## EXCERPTED DATA
+++++
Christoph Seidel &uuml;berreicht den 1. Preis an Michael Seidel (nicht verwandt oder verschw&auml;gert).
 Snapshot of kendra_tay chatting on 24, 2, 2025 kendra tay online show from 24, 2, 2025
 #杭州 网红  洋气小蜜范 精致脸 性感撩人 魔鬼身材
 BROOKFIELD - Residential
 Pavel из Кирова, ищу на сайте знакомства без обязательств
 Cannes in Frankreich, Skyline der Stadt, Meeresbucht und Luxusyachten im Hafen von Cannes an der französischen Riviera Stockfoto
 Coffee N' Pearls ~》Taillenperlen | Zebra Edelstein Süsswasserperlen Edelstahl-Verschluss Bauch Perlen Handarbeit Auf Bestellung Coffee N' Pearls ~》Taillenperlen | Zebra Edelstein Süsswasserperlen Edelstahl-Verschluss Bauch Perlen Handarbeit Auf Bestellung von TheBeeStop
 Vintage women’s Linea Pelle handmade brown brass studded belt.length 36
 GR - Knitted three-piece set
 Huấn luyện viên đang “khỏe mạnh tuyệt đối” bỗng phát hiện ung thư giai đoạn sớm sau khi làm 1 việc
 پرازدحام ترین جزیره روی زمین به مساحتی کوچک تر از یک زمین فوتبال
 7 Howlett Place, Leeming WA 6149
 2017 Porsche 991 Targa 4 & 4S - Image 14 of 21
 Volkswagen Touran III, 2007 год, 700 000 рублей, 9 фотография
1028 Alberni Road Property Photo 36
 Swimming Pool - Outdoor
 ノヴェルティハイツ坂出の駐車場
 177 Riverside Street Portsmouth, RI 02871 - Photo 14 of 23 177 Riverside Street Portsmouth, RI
+++++
## YOUR OBJECTIVE
Starting with the line that contains "Pavel из Кирова, ищу", restate every line up to and including the last one above, exactly.

## ANSWER TO THIS PROBLEM
 Pavel из Кирова, ищу на сайте знакомства без обязательств
 Cannes in Frankreich, Skyline der Stadt, Meeresbucht und Luxusyachten im Hafen von Cannes an der französischen Riviera Stockfoto
 Coffee N' Pearls ~》Taillenperlen | Zebra Edelstein Süsswasserperlen Edelstahl-Verschluss Bauch Perlen Handarbeit Auf Bestellung Coffee N' Pearls ~》Taillenperlen | Zebra Edelstein Süsswasserperlen Edelstahl-Verschluss Bauch Perlen Handarbeit Auf Bestellung von TheBeeStop
 Vintage women’s Linea Pelle handmade brown brass studded belt.length 36
 GR - Knitted three-piece set
 Huấn luyện viên đang “khỏe mạnh tuyệt đối” bỗng phát hiện ung thư giai đoạn sớm sau khi làm 1 việc
 پرازدحام ترین جزیره روی زمین به مساحتی کوچک تر از یک زمین فوتبال
 7 Howlett Place, Leeming WA 6149
 2017 Porsche 991 Targa 4 & 4S - Image 14 of 21
 Volkswagen Touran III, 2007 год, 700 000 рублей, 9 фотография
1028 Alberni Road Property Photo 36
 Swimming Pool - Outdoor
 ノヴェルティハイツ坂出の駐車場
 177 Riverside Street Portsmouth, RI 02871 - Photo 14 of 23 177 Riverside Street Portsmouth, RI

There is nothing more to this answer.